If you can’t construct the counterexample, the Dijkstra invariant (“first-pop is finalized”) hasn’t fully clicked.


🎴 Flashcards (for daily review, not the first read)

  • BFS for shortest paths — what’s the constraint?
    • All edges must have the same weight (or be unweighted). Time O(V + E).
  • Dijkstra — what’s the constraint?
    • Non-negative edge weights. Fails on negatives.
  • Dijkstra time complexity with binary heap?
    • O((V + E) log V).
  • Bellman-Ford — when do you use it?
    • When the graph has negative weights (but no negative cycle). Also detects negative cycles. O(V · E).
  • Bellman-Ford intuition?
    • Relax every edge V - 1 times. One more pass; if anything still relaxes, there’s a negative cycle.
  • Floyd-Warshall — when do you use it?
    • All-pairs shortest paths on small dense graphs. O(V³) time, O(V²) space.
  • Floyd-Warshall recurrence (plain English)?
    • For every triple (i, j, k): is the path from i to j through k cheaper than the current best from i to j? If yes, update. Outer loop is k.
  • Why does Dijkstra fail on negative weights?
    • It relies on “first-pop is finalized,” which depends on adding edges never decreasing path cost. Negative edges break this — a later relaxation could find a cheaper path, but Dijkstra never revisits popped vertices.
  • 0-1 BFS — what’s the data structure?
    • Deque. Push 0-weight neighbors to the front, 1-weight to the back. Still O(V + E).
  • How does Dijkstra handle stale heap entries?
    • Lazy deletion: on pop, check if d > dist[v]: continue. Heap may grow to O(E) but operations stay O(log V).
  • Anegative cycle in a graph means shortest paths areunbounded — you can loop forever, decreasing the total cost.

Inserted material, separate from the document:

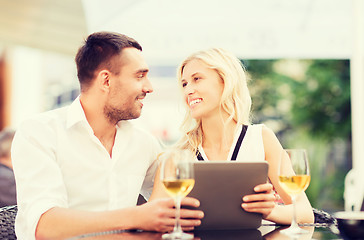 Image showing happy couple with tablet pc at restaurant lounge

✅ Self-check before moving on

Honest yes/no:

  • Can I write Dijkstra from scratch (with priority queue + path reconstruction)?
  • Can I explain why Dijkstra fails on negative weights, with a concrete counterexample?
  • Can I write Bellman-Ford from scratch and explain how it detects negative cycles?
  • Can I look at a graph problem and pick the right shortest-path algorithm in <30 seconds?

If any “no”, do one practice exercise. If all “yes”, move on to SCC — the last graph subtopic.